The grace, mercy, and peace of Christ Jesus rest upon each and every one of you this day.

Sir Isaac Newton (a faithful Lutheran) posited in his First Law of Motion that an object in motion will stay in motion unless an external force acts upon it, while an object at rest will remain at rest unless an unbalanced force acts upon it.  Before anyone starts having a bad flashback to high school physics class, understand that I only mention Newton’s Law of Motion because, in a way, it aptly applies to our lessons appointed for today.  Just look at how everyone is in motion in these three texts.  Everyone is walking/moving.  Notice, too, how no one is at rest or idle or sedentary.  One is always in motion, either moving towards God or away from God.  Whether in faith or unbelief, no one is ever sedentary.  You’re always moving.  It just comes down to what direction you’re going.  The faithful walk in the Spirit, always moving in repentant thanksgiving towards God and His goodness.  Conversely, those who don’t walk in repentant faith and Divine wisdom and thanksgiving are just as much in motion and on the go.  They’re just headed the opposite way.  They walk away from God.  They walk in evil.  They are led by the ways of the world, walking in darkness. 

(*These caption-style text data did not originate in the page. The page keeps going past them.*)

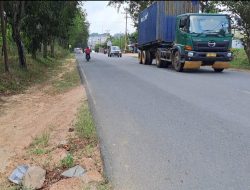 Melintas Di Jalan Kecil Truk Kontainer Tidak Di Kawal Oleh PJR Polres Bintan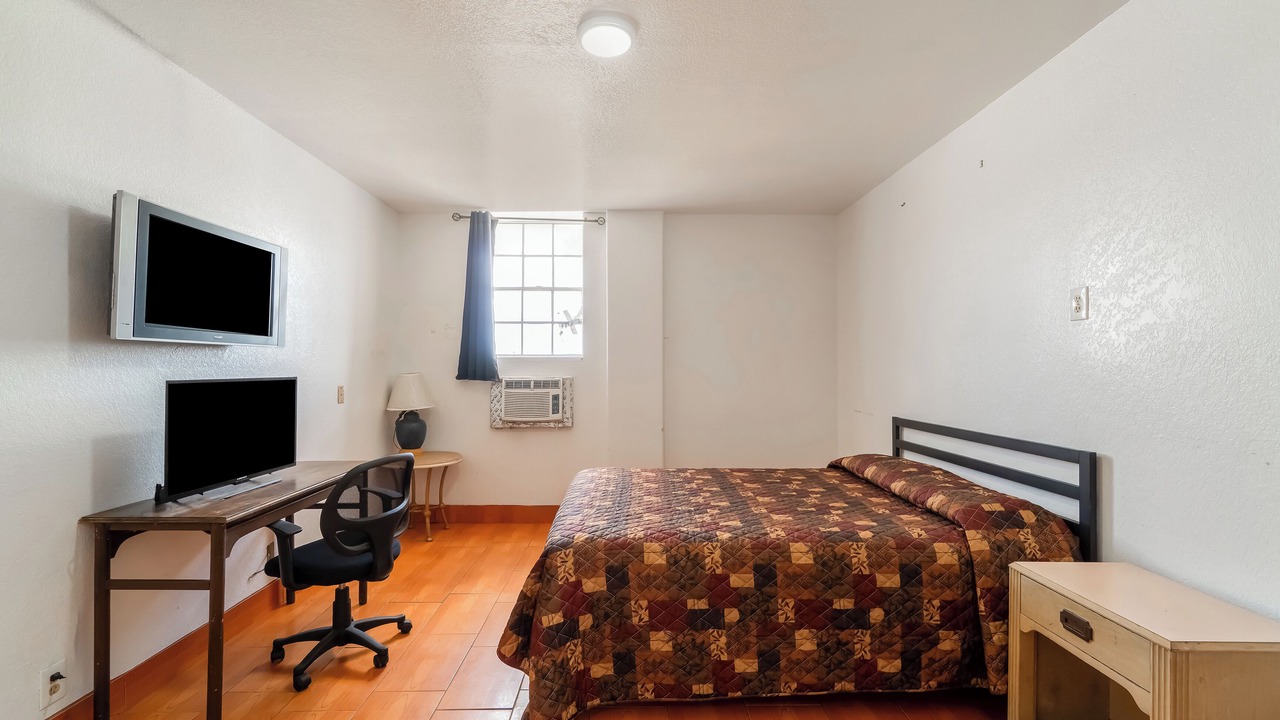 Photo of Bedroom in Brownsville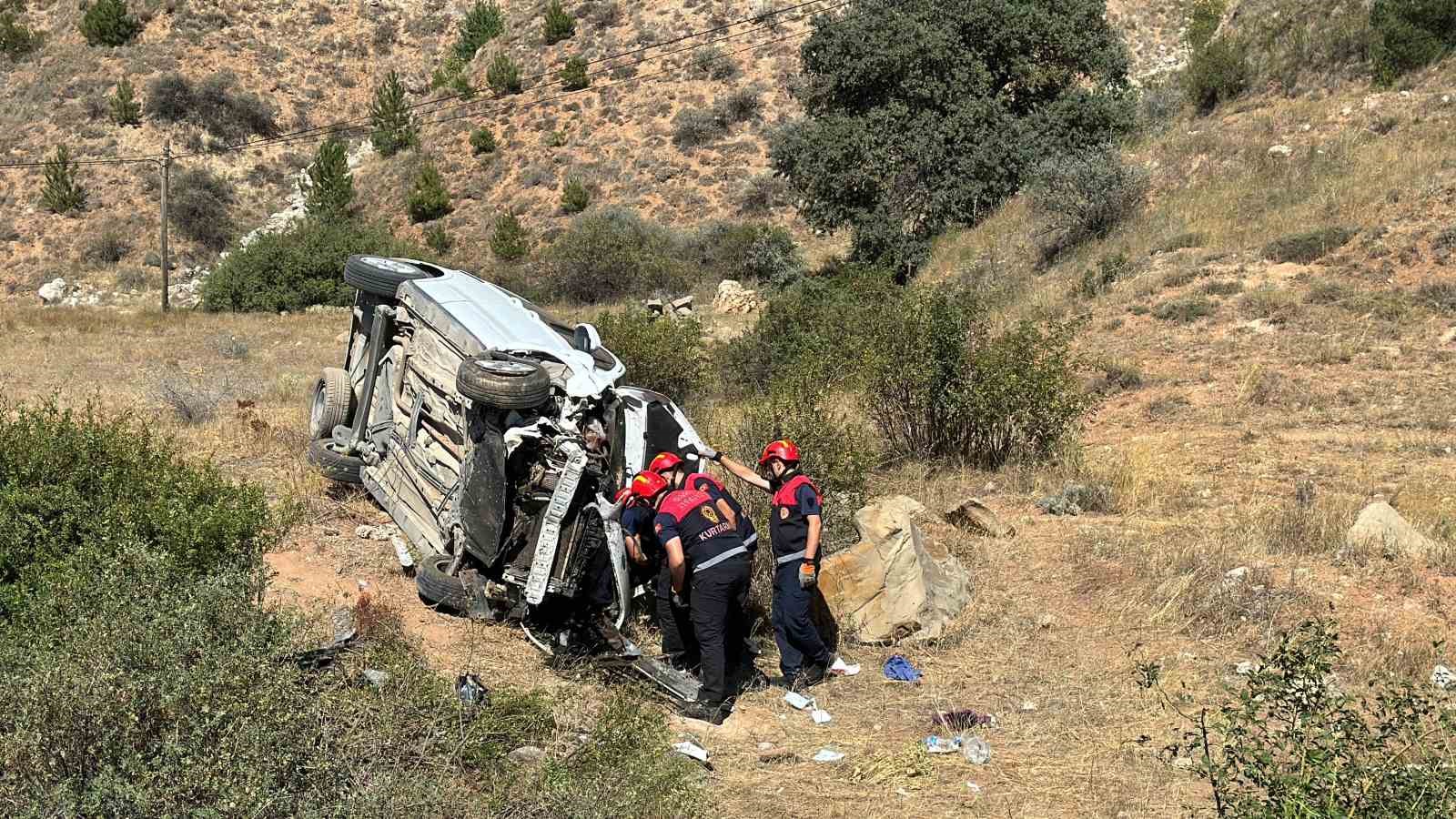 Kontrolden çıkan araç takla attı: 4’ü çocuk 6 yaralı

Let’s turn our attention specifically to the Gospel lesson.  Everyone is in motion.  The ten lepers are on the go.  “Go and show yourselves to the priests.” And they go.  Keep in mind: They aren’t healed during their interaction with Jesus.  They go in blind faith, still leprous.  They’re healed only after they’re on their way.  Only the one Samaritan leper, however, returns to Jesus, praising God and falling on his face.  (Interesting note: The Samaritan praises God by falling on his face and praising Jesus.  How’s that for a confession of Christ?) Jesus, too, is on the go.  St. Luke tells us with the very first verse that Jesus was poruomai-ing (journeying) to Jerusalem.  This is important.  In fact, this is of the utmost importance.  You see, this word cues us in on the fact that Jesus isn’t simply “on His way” to somewhere else.  He is traveling with intent.  He’s purposefully journeying to Jerusalem.  In fact, this is the third time that Luke tells us that Jesus has “set His face to Jerusalem,” journeying there for the express purpose of laying down His life as the all-atoning sacrifice for sin.  This three-fold statement of intent lets us know that the crucifixion of Christ wasn’t some tragic, terrible surprise.  Jesus wasn’t caught off-guard on Maundy Thursday/Good Friday!  Rather, the cross was the plan all along.  From chapter 9:51 on, Jesus is purposefully journeying towards Jerusalem in order to die for the sins of the world. 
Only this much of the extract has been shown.